Exercise data:
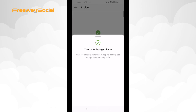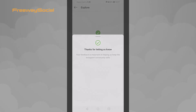Done. This post has been reported. I hope that this guide was helpful and you were able to report an inappropriate post on Instagram. Don't forget to like this video and visit us at FreewaySocial.com. I'll see you next time.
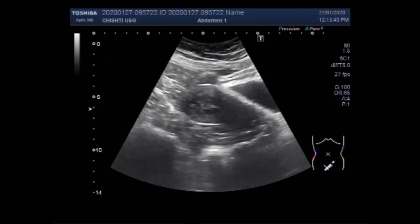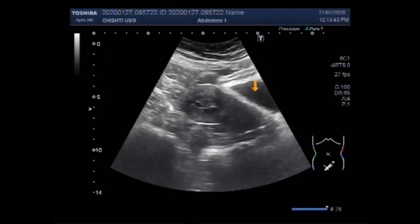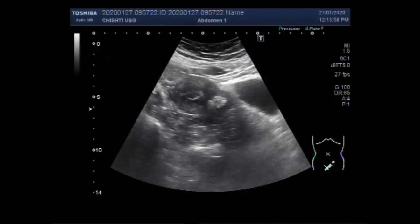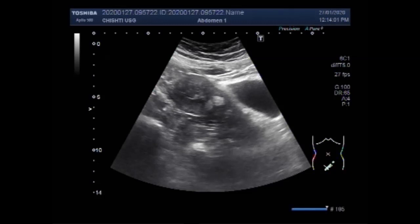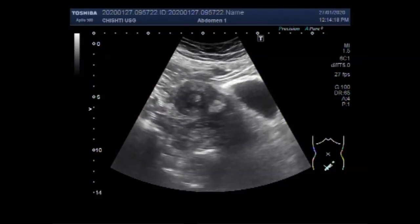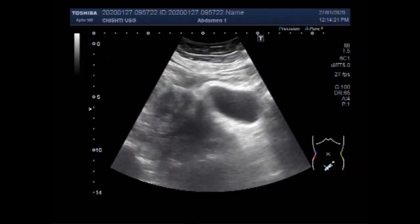Now we are going to see another case of fibroid uterus. You can see the urinary bladder, uterus, and cervix. There are two small masses attached to each other, lying near to each other in the proximal portion of the uterus, near the cervix. It looks like the masses lie in the middle portion of the uterus.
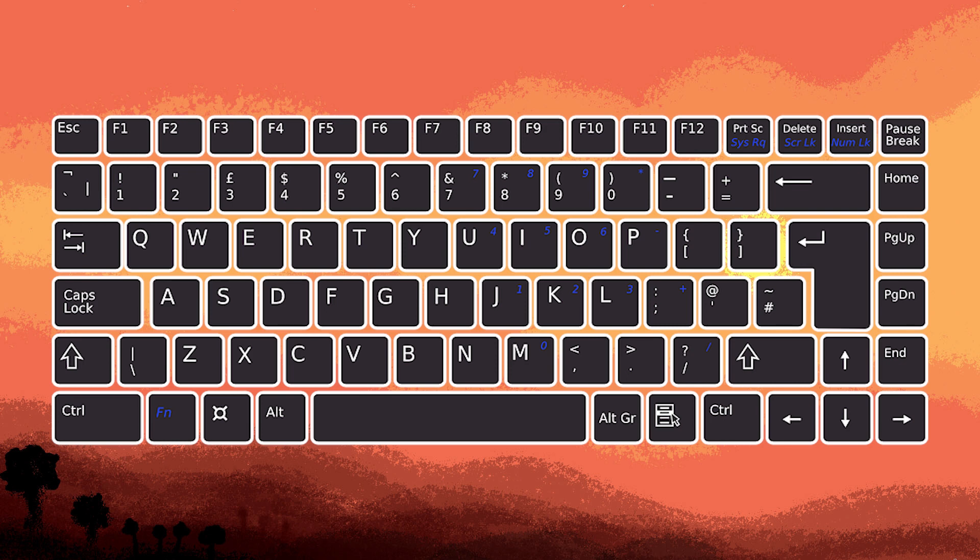So the first step would be to look for the Fn key on your keyboard. It is usually near the bottom left corner and might be labeled in a different color.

Your task:
What is needed is every line of the data above, set down exactly but with the images left out.

Solved problem:
Done. This post has been reported. I hope that this guide was helpful and you were able to report an inappropriate post on Instagram. Don't forget to like this video and visit us at FreewaySocial.com. I'll see you next time.
Now we are going to see another case of fibroid uterus. You can see the urinary bladder, uterus, and cervix. There are two small masses attached to each other, lying near to each other in the proximal portion of the uterus, near the cervix. It looks like the masses lie in the middle portion of the uterus.
So the first step would be to look for the Fn key on your keyboard. It is usually near the bottom left corner and might be labeled in a different color.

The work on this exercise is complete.